● Given material:
-- -- --
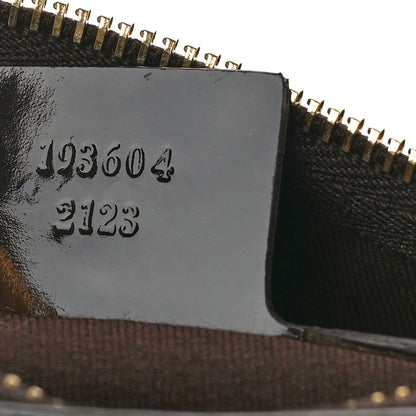 Gucci GG Plus Monogram Small Joy Boston Dark Brown 7 of 9
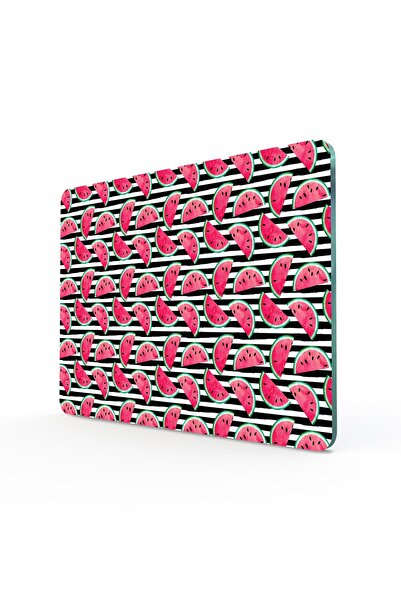 Decovetro Cam Kesme Tahtası - Kesim Tablası | Karpuz Meyve Desenli | 30cm X 40cm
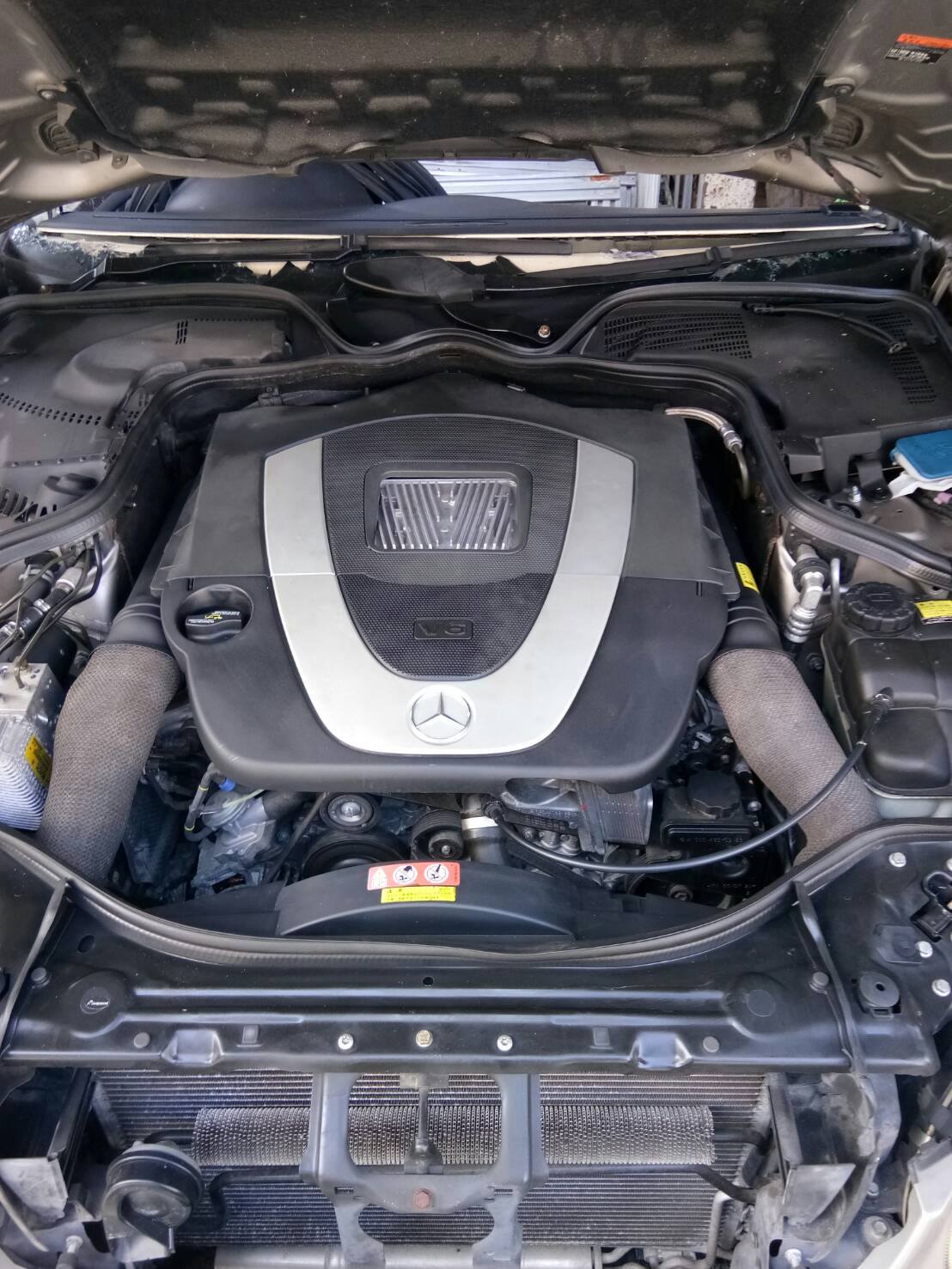 เครื่องBENZ E280 3000cc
-- -- --
● Exercise prompt: Give back the material above exactly as it appears, minus any picture.

● Exercise output:
 Gucci GG Plus Monogram Small Joy Boston Dark Brown 7 of 9
 Decovetro Cam Kesme Tahtası - Kesim Tablası | Karpuz Meyve Desenli | 30cm X 40cm
 เครื่องBENZ E280 3000cc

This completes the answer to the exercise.